Munnar, Kerala: Man Made Beauty in God’s Own Country
My ‘happy place’ is sitting on a comfortable chair, with a great book and a cup of strong, black tea preferably overlooking a vista of tea plantations in the hills. The weather is slightly cool, and the sun has just risen over a mountainside. It is a place where I feel that nature is flourishing, and I can be present in a timeless moment.
Munnar, is as close to my happy place that exists, and I was fortunate to visit recently. Munnar is located approximately 4-hours east of Kochi in the Southern Indian state of Kerala. It is self-styled as God’s Own Country, and Mother Nature herself was in fine form when she created this land.
But while this may be God’s Own Country, it is the Man-Made Beauty that brings throngs of tourists to Munnar and has etched this land into my, and many other people’s, memories. Munnar is incredible, and I highly recommend everyone visit the area to enjoy the hospitality, vistas, and tea that it has to offer. However, to imagine that the area is ‘natural’ is to do an injustice to the history (some of it quite painful) and man-made energy that has gone into the development of the tea plantations that dominate the landscape.
Up to the early 19th Century, the Munnar district was home to local tribal populations and largely disconnected from the epochal developments of the sub-continent. Then the British arrived with the East India Company, headed by John Munro. The British identified the lands as perfect for cultivating Camellia Sinensis (tea). The land was at the correct elevation, with the appropriate amount of rainfall and clay-laden soil to root geometrically planted tea bushes.
The area also had another key resource, people. Tea cultivation, even to this day, is highly labor intensive and largely conducted by women. Tea pluckers originally came from the neighbouring state of Tamil Nadu and to this day, Tamil is spoken more ubiquitously in Munnar than the state-language of Malayalam. These tea pluckers work from dawn to dusk in the fields, manually pulling the tender leaves that seek to escape to the sunlight from their parental stalks. The work is backbreaking and does not stop despite the weather conditions (such as Kerala’s famous monsoonal rains) or wild animals (such as snakes or elephants).
The development of the tea plantations cannot be viewed as purely exploitative.

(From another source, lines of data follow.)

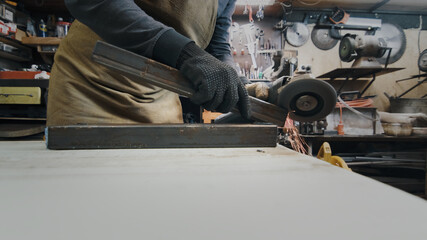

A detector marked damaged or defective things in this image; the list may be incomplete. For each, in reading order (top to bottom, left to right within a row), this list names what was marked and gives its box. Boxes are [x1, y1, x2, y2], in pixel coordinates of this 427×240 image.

rusty metal bar [93, 40, 288, 125]
rusty metal bar [46, 124, 280, 150]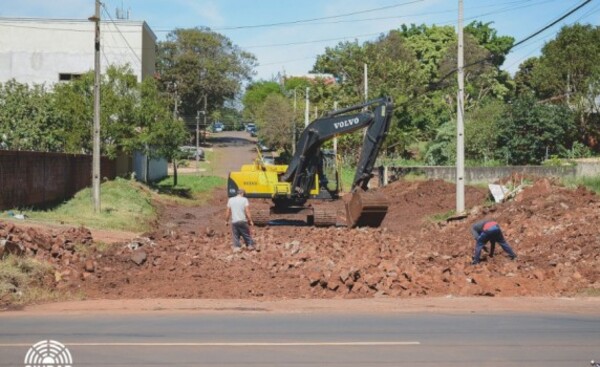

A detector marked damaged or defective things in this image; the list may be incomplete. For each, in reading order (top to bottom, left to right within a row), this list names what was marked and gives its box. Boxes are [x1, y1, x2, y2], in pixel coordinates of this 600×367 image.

rusty metal fence [0, 151, 116, 210]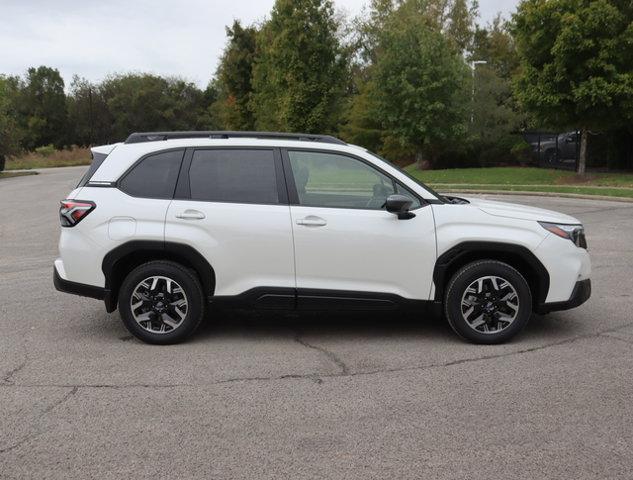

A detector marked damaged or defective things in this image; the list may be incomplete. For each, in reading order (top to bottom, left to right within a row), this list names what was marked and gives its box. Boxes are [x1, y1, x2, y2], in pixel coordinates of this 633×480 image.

crack in asphalt [4, 318, 632, 394]
crack in asphalt [0, 384, 78, 456]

It also brought with it a raft of infrastructure developments including: India’s first hydro-electric plant, India’s first cable car system, railway lines and eventually by the 1930s a paved road that is still in use today to connect Munnar to urban hubs such as Kochi.

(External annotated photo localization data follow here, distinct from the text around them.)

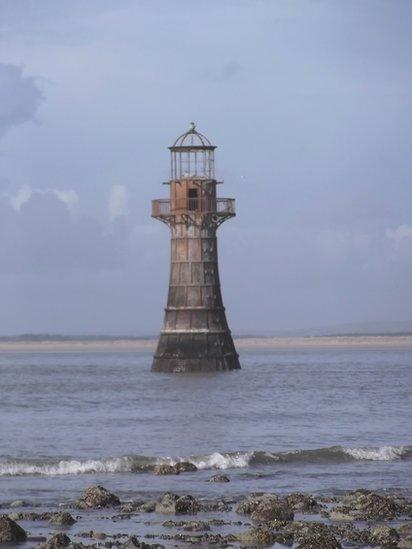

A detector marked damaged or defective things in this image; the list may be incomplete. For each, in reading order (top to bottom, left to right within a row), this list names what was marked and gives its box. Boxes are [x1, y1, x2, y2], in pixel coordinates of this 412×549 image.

rusted metal tower [151, 123, 241, 372]
corroded metal [152, 124, 241, 372]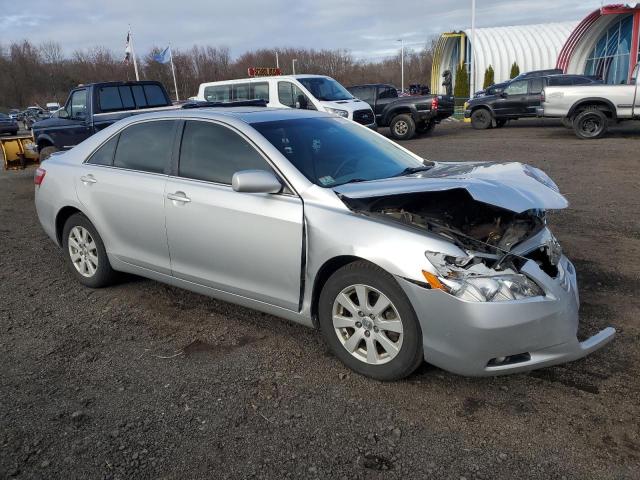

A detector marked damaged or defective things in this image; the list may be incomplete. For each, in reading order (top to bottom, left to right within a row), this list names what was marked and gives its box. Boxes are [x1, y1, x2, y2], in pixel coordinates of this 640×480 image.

damaged silver sedan [35, 107, 616, 380]
crumpled front hood [332, 161, 568, 212]
broken headlight [422, 253, 544, 302]
front bumper damage [400, 255, 616, 376]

Whether the value of this infrastructural development has ‘trickled-down’ to the people is a question for which I do not have empirically proven answer. However, I was told that to this day, most tea pluckers continue to be females and earn a daily wage of approximately 500–600 Indian rupees. The tea pluckers and their families are given free accommodation, have access to primary schooling, hospitals and other public goods.
In 1947, India emerged as an independent nation and soon afterwards, ownership of the tea plantations transferred from the British to the local Tata Tea company, who rapidly expanded operations across the mountainsides of the district. Interestingly, in 2007, Tata Tea sold their majority stake and ownership of the main tea plantation. The company shifted to a co-operative structure with local people (many who were employees of the company) taking 69% ownership of the newly formed Kanan Devan Hills Plantation Company Limited.
So, I come back to my happy place; with a tea in one hand, a book in another and a vista of rolling hills covered in symmetrical tea bushes. On one hand, I do believe there is an intrinsic romanticism to the landscape that pulls even the most ardent photography-phobe to pull out their phone and snap a pic. On the other hand, we must recognize that even in God’s Own Country, Man-Made engineering and back-breaking work has had a heavy role to play in the vistas we enjoy.